For anyone who wants to dive into the code implementation details of the concept.
For anyone who wants to understand the mathematics behind the technique.
Diffusion model is a type of generative models that learn to generate data by simulating the process of diffusion. It is also neural network but added a process of gradually denoising data, where each step of denoising is learned by a neural network.
Input:
- A random noise fixed-length data (like image) \(\mathbf{x}_T\), typically drawn from a Gaussian distribution.
Output:
- A generated data sample that resembles the training data, such as an image \(\mathbf{x}_0\) in the same shape as the input.

Here the forward pass refers to the process of training the diffusion model.
A noise \(\mathbf{x}_T\) is gradually denoised to the output data \(\mathbf{x}_0\) over a series of time steps \(t = T, T-1, \ldots, 1\), where \(T\) is the total number of time steps. The denoising process that transforms \(\mathbf{x}_t\) to \(\mathbf{x}_{t-1}\) is a neural network, which takes the current noisy data \(\mathbf{x}_t\) as input, and outputs a less noisy version \(\mathbf{x}_{t-1}\). The number of time steps \(T\) is a hyperparameter.

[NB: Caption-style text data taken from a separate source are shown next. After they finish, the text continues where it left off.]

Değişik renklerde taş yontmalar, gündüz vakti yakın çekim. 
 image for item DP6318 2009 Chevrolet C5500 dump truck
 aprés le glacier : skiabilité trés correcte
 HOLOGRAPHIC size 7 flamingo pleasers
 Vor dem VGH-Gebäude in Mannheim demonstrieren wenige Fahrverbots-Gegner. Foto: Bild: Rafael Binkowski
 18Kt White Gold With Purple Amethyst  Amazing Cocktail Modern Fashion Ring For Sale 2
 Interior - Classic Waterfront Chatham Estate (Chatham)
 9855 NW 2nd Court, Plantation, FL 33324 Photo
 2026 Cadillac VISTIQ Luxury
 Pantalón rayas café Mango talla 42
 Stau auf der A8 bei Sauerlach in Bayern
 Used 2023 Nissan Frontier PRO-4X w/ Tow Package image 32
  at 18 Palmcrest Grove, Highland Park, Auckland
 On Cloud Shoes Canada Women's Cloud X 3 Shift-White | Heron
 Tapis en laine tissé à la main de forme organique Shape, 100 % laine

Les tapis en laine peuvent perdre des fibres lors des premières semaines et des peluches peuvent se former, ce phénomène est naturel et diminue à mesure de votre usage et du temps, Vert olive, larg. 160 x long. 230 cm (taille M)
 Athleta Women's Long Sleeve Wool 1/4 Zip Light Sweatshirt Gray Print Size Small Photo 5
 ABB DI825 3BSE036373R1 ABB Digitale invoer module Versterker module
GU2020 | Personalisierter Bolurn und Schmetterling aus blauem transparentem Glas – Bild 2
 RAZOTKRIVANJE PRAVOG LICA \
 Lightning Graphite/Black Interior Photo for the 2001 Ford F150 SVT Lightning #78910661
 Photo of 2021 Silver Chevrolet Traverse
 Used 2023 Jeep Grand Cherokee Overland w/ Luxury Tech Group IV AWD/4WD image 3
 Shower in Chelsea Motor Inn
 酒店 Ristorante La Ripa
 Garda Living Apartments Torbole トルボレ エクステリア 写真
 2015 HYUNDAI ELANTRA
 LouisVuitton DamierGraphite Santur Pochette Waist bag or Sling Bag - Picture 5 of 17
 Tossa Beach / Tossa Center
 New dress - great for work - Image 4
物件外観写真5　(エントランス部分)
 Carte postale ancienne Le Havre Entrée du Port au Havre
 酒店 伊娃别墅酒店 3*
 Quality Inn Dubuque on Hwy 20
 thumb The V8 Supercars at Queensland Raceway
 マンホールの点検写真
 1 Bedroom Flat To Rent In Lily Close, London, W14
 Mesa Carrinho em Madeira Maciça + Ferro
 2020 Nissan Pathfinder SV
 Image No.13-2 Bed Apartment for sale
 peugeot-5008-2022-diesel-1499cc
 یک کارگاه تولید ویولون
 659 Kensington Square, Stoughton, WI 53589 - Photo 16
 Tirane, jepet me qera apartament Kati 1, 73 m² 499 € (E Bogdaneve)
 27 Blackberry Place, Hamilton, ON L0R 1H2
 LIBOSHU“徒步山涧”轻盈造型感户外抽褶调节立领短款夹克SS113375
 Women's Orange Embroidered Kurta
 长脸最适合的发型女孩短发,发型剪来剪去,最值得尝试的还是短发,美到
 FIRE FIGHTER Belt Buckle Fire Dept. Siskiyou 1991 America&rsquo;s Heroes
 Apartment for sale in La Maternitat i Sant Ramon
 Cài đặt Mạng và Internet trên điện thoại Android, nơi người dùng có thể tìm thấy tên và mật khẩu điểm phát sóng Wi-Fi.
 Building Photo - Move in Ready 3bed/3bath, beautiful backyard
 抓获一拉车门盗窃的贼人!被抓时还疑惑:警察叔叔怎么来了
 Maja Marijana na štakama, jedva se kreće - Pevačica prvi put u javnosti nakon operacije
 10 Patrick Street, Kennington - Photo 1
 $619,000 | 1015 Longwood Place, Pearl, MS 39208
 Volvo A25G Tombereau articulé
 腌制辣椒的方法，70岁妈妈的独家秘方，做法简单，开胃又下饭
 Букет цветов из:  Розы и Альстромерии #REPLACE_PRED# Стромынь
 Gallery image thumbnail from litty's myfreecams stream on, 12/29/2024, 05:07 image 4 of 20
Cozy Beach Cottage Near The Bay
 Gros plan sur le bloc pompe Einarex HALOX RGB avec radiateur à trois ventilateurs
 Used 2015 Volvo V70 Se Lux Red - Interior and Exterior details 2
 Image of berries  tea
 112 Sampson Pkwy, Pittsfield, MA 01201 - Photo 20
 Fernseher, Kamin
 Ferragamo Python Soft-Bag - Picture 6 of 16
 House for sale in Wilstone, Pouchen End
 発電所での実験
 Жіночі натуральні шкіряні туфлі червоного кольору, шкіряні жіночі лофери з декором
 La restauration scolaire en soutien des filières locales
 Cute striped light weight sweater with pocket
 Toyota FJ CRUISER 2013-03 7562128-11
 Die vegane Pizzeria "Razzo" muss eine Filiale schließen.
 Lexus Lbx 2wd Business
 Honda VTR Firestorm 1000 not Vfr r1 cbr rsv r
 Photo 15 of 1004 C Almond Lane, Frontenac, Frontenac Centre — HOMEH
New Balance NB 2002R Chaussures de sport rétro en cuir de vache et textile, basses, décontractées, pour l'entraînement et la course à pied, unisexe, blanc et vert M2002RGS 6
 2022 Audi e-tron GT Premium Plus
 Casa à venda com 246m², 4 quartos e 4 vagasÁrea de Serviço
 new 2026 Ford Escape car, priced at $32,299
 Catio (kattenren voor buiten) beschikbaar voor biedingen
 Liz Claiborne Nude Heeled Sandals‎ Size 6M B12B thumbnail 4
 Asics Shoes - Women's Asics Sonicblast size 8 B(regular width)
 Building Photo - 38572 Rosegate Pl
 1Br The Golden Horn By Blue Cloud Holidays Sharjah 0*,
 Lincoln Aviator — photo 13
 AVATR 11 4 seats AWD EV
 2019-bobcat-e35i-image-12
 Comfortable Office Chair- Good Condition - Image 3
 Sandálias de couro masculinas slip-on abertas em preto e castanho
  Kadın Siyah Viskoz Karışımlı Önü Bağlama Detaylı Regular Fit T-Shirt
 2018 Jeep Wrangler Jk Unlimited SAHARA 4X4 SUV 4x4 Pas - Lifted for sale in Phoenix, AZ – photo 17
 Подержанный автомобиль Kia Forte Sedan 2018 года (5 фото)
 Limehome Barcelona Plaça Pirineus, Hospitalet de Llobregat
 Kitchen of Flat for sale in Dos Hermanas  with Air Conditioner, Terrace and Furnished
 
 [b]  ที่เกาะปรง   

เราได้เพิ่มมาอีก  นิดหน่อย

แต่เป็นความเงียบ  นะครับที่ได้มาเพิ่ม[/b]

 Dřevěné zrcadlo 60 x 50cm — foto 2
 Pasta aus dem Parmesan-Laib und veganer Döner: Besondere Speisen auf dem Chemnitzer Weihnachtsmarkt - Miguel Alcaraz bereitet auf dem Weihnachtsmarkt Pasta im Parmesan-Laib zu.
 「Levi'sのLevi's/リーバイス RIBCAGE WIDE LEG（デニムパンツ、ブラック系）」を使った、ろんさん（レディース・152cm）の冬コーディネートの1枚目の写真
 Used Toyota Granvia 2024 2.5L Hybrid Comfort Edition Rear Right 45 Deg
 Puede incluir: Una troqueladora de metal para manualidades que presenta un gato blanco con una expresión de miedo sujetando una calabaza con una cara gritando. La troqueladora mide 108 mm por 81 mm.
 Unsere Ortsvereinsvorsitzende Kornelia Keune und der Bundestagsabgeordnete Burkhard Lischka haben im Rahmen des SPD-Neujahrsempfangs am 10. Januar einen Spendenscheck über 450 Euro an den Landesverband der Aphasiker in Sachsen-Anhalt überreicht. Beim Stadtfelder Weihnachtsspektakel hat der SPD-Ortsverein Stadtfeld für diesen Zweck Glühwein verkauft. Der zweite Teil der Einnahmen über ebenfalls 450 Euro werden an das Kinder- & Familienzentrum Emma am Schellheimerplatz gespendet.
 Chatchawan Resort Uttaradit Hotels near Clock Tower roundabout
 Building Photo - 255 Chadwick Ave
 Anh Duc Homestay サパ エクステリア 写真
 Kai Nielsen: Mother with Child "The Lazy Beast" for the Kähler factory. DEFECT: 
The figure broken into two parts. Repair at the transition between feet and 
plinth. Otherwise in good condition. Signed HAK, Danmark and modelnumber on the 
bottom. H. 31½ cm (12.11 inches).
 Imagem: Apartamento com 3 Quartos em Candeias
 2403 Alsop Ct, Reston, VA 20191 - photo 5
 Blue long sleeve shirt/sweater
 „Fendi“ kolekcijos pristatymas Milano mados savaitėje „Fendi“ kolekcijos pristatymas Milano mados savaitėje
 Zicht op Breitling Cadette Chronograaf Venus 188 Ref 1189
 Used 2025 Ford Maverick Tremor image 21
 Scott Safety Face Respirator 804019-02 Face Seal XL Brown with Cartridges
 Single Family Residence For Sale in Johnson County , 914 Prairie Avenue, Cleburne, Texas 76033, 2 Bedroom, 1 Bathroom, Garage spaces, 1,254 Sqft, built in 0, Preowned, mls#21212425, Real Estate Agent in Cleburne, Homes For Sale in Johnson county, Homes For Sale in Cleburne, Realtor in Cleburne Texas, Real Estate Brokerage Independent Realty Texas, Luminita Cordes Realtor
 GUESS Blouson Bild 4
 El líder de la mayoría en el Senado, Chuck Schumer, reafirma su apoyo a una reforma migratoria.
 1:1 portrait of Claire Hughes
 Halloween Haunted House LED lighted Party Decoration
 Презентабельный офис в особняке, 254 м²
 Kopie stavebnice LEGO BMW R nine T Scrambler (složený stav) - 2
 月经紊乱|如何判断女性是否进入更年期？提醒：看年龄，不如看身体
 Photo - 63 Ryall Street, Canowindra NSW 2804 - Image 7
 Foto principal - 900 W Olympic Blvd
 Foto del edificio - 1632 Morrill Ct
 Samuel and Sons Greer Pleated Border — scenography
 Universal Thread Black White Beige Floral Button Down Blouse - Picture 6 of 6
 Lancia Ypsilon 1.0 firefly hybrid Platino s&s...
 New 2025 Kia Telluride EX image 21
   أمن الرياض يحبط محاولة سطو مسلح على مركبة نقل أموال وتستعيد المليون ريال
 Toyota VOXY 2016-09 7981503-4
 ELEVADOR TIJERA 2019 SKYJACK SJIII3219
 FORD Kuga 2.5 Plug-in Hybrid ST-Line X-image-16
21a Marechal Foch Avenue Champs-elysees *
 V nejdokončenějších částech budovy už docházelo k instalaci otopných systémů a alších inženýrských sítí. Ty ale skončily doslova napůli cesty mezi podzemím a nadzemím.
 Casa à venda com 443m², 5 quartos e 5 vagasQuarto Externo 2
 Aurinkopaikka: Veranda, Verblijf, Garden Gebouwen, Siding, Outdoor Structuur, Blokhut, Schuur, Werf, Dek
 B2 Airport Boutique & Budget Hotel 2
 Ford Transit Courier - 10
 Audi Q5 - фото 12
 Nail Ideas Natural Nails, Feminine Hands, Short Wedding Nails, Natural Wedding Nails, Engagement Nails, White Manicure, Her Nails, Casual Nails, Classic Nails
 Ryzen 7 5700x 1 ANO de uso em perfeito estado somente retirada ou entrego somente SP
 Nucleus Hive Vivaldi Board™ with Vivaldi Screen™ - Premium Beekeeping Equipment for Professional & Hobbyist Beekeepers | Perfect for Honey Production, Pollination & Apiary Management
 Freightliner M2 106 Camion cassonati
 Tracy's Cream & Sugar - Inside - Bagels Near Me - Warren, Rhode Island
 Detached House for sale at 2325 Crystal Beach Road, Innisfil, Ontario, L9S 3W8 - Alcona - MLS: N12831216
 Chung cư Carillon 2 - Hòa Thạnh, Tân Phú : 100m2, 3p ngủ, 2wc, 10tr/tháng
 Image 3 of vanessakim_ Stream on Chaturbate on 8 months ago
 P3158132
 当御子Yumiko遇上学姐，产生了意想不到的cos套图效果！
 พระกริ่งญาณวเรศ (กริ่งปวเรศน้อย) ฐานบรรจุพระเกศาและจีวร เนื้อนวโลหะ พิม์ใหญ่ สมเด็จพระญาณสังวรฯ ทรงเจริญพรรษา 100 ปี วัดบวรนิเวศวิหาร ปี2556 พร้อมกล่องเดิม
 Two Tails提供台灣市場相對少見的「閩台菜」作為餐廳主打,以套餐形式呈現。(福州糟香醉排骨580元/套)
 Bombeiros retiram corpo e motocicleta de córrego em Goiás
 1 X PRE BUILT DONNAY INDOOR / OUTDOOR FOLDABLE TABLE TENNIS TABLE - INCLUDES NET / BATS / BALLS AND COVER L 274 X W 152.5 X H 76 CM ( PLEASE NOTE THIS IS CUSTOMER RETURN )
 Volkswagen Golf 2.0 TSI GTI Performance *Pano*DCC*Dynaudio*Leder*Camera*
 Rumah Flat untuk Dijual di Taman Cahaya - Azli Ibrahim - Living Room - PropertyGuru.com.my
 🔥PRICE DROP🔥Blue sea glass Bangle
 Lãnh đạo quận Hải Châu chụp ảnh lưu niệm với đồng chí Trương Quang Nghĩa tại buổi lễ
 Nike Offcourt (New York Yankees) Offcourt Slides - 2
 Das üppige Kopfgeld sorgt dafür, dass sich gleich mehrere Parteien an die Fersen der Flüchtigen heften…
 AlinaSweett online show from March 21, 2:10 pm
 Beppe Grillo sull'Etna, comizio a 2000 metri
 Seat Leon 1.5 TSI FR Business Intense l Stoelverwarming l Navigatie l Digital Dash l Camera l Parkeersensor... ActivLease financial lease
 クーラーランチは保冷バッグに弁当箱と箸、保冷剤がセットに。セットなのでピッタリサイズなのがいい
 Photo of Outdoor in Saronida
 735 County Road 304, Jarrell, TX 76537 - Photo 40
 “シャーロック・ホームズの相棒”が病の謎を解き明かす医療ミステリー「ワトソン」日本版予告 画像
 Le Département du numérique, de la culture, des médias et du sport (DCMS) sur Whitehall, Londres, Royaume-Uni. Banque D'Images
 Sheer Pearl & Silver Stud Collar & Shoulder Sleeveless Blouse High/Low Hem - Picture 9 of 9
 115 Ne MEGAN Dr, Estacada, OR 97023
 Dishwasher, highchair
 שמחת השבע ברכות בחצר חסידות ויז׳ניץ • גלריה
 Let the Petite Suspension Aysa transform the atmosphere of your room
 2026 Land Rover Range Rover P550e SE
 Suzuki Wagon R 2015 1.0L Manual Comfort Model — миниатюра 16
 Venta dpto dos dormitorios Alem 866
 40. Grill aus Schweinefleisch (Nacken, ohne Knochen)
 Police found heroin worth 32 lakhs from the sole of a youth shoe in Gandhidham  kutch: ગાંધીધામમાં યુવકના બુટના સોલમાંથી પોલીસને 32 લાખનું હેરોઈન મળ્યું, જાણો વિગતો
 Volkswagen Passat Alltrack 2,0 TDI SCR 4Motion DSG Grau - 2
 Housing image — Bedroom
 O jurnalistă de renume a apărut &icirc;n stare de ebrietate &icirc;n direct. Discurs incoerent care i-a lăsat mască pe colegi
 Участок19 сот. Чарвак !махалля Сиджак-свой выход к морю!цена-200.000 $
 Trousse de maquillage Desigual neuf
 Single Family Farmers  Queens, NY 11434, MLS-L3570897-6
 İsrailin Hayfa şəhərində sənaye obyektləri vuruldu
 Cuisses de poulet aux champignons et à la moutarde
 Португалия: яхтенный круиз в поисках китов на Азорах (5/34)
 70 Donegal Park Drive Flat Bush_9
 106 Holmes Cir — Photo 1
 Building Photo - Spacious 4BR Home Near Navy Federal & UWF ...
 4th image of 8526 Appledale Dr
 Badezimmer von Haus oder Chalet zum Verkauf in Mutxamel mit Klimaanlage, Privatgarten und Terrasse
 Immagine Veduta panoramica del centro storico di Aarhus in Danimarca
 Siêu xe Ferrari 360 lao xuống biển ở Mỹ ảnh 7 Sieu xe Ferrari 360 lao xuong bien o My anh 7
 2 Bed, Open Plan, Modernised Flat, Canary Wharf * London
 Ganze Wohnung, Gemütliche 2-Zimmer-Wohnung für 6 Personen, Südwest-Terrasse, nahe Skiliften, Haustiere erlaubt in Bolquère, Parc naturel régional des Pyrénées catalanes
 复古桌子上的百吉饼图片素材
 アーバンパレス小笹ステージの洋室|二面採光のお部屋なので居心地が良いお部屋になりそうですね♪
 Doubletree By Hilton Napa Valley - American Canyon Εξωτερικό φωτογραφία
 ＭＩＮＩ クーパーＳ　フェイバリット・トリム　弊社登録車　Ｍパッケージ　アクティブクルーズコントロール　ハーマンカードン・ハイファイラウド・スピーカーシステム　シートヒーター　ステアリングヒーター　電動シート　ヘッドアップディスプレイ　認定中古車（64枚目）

This process is typically considered as a Markov chain. Markov chain is a mathematical system that undergoes transitions from one state to another on a state space. The state space here is the data space, and the transition from one state to another is the denoising neural network.
The core architecture of diffusion model is the denoising neural network. It can be any neural network that maps a sample to the output with the same shape. The most commonly used architecture is the U-Net, which is a type of convolutional neural network (CNN) that has an encoder-decoder structure with skip connections.
The denoising neural network at each step shares the same architecture and weights.
Diffusion models are trained by supervised learning each step of the denoising process.
To construct the training data, we start with a clean data sample \(\mathbf{x}_0\) from the training dataset, and then gradually add noise to it over a series of time steps \(t = 1, 2, \ldots, T\), that is \(\mathbf{x}_1, \cdots, \mathbf{x}_T\). The amount of noise added at each time step is controlled by a noise schedule. These noisy samples \(\mathbf{x}_t\) at each time step \(t\) are used as the input to the denoising neural network, and the target output is the less noisy sample \(\mathbf{x}_{t-1}\).
The model is indeed trained to learn the random noise added at each step, but it does not learn to generate randomly, but based on the \(\mathbf{x}_t\) at each step.